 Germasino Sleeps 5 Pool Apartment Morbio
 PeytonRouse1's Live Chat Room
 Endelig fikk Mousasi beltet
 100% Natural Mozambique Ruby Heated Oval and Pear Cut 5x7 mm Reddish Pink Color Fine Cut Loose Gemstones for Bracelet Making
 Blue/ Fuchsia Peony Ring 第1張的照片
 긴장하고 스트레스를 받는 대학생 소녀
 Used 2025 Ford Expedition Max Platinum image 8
********************
• [What is being asked]: The records above need to be duplicated. Keep every word unchanged.

• [Result below]:
 Germasino Sleeps 5 Pool Apartment Morbio
 PeytonRouse1's Live Chat Room
 Endelig fikk Mousasi beltet
 100% Natural Mozambique Ruby Heated Oval and Pear Cut 5x7 mm Reddish Pink Color Fine Cut Loose Gemstones for Bracelet Making
 Blue/ Fuchsia Peony Ring 第1張的照片
 긴장하고 스트레스를 받는 대학생 소녀
 Used 2025 Ford Expedition Max Platinum image 8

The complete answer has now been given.